A funny thing happened in Question Time. A rather strange thing actually. In the House of Representatives yesterday, an Opposition member asked a question that sought plain and unadorned information. There was no point scoring preamble; none of the normal flowery phrases designed for the television and radio news grabs. Just this plain and simple request to the Minister for Defence:
How many SAS soldiers have been disciplined or sacked for daring to raise concerns about your government’s demands for debt repayment of up to $50,000? Does the minister believe that the SAS soldiers who speak out on this issue should be sacked or disciplined?
Bob Baldwin, the rather low-ranking shadow minister asking it (his chief responsibility is Defence Science and Personnel, as he only assists the proper Coalition Defence spokesman), thus calmly set in train an event which has done more to embarrass this Labor Government than virtually any other question since it took office. The discomfort of Defence Minister Joel Fitzgibbon was marked as he set about using the standard ministerial tactic of not answering the question asked, but talking about something else only broadly related to it. The Fitzgibbon tactic was to blame bureaucratic bungling in implementing a decision of the Defence Force Remuneration Tribunal that some SAS troops had been paid allowances they were not entitled to. Steps were taken to dock the soldiers’ pay to recoup the over payments, which did not go down at all well with those left short.
Minister Fitzgibbon was well aware of the problem and last October had told the House of Representatives he would fix it. Instructions were given to suspend the recovery payments and to find a more satisfactory solution. Somewhere along the chain of command something went amiss, and the threats to reclaim the extra dollars continued which led to information being given to the Opposition and then, apparently, some threats of disciplinary action against those who had taken their grievance outside the barracks. Hence the Baldwin question and an admission by the Defence Minister that he was frustrated that his department had been so slow and that he did not know how many soldiers were caught up in the pay error because “the reality is that Defence can’t give me those numbers.”
That was not the kind of answer to instill public confidence in the information technology capabilities of the military in this high tech age — if they cannot get a payroll program right, what hope is there for missile guidance? Not that the Opposition will be pursuing that line. They are having enough fun with the broader question of ministerial responsibility, and it was the Opposition Leader Malcolm Turnbull himself who took over the attack this morning with a special door stop for the cameras to set the scene for what will surely be a lively Question Time where the questions are not plain and unadorned.
The Opposition Leader said:
[Mr Fitzgibbon] has undermined the morale of the SAS, he’s undermined the morale of the entire ADF. He has, by his incompetence, allowed a situation to continue where soldiers, troopers in the SAS, are having their pay docked, some are getting no pay, so while they are taking the fight up to the Taliban, they are having to worry whether they can meet their mortgage payments, their families are back at home with no income, it is an extraordinary example of ministerial incompetence.

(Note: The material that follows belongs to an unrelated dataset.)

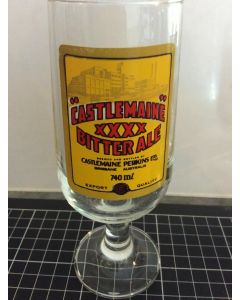 Rare Vintage Collectable Castlemaine Bitter Ale Beer Glass 740 ml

Rent an endorsement. Access Economics is the new rent-an-endorsement favourite in Canberra. It seems there are few causes the consultancy is not prepared to find a fact or two for to assist a lobbying effort. Today’s contribution is for the distilled spirits industry with a look at hospital admission records for young people supposedly affected by alcohol. Hospital doctors, I note, believe it is impossible to use these figures to draw any conclusions about things like whether increasing the price of alco-pops has caused more or less binge drinking.
Greasing the palms. I am sure that the Queensland businessman Clive Palmer is genuinely aggrieved by things Labor politicians have said about him, but if he is as keen for a Liberal National Party election victory as his donations would suggest, he would be keeping a very low profile for the next month. Actions like the one for defamation Mr Palmer is taking against the Premier Anna Bligh and the State Treasurer Andrew Fraser are not at all helpful to the cause of Opposition Leader Lawrence Springborg. Voters are sure to be uneasy that one very rich man can appear to be so influential over a political party and I note that Treasurer Fraser this morning is doing his best to stir such fears along.

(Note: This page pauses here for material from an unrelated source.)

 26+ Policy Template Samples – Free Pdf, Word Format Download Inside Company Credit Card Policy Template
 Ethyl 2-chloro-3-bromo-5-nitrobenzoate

“Mr Palmer needs to understand that this is Queensland 2009 not Queensland of the 1980s when the National Party government that he was a backer of regularly used threats of intimidation of defamation to try and stifle public debate, to try and impinge on free speech and to try and influence election outcomes,” is how Mr Fraser put it.

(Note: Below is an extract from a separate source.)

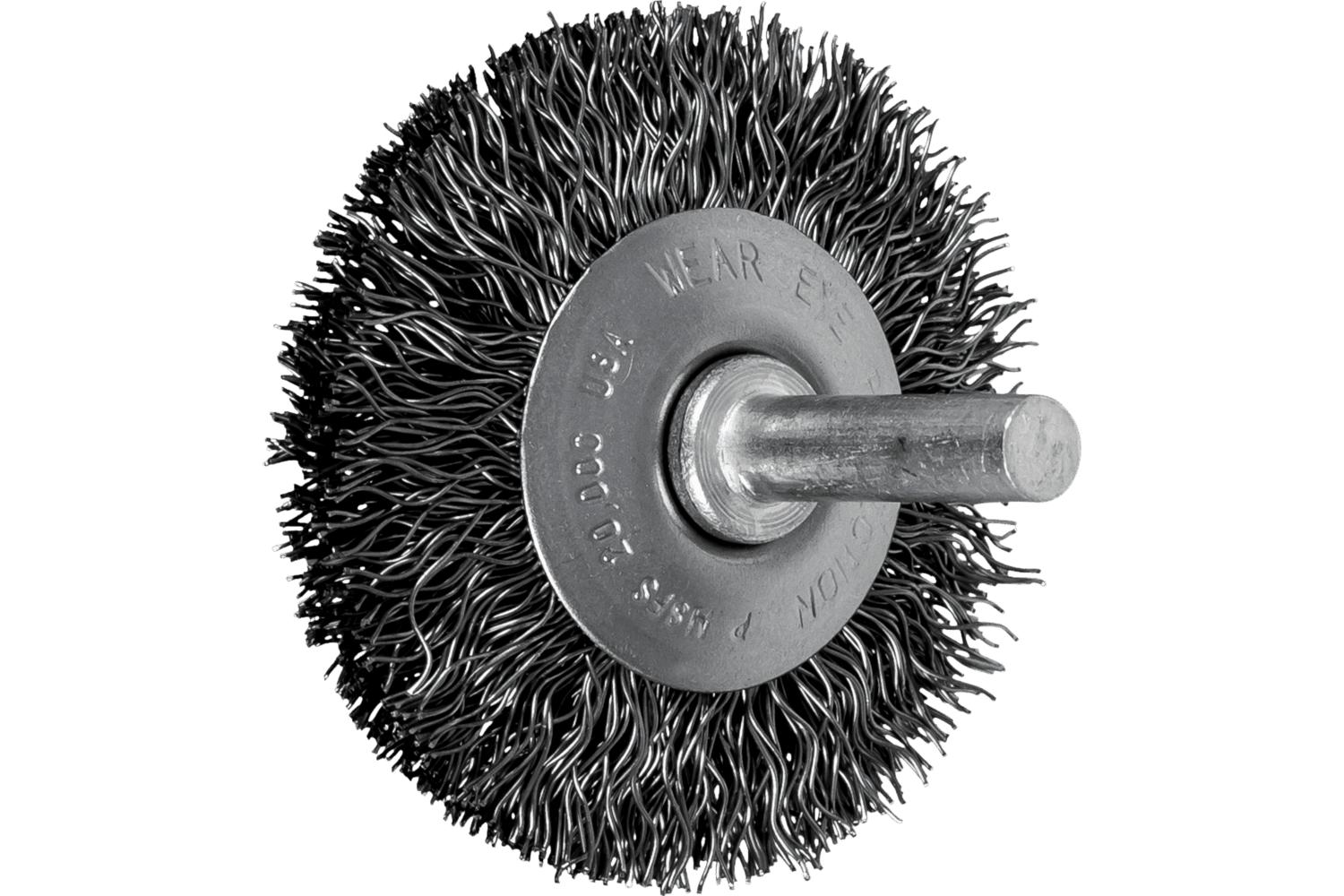 2IN MTD FLARED CUP BRUSH .014 CS 1/4IN S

Tipping the waiter. It’s enough to make me tip the waiter! Workers in the hospitality industry came in at the bottom of the bunch when it came to wage rises last year. Australian Bureau of Statistics figures out this morning showed increases through the year to December 2008 at the industry level ranged from 2.8% for accommodation, cafes and restaurants to 6.1% for mining. The increase in the trend index through the year for all employee jobs in Australia was 4.2%.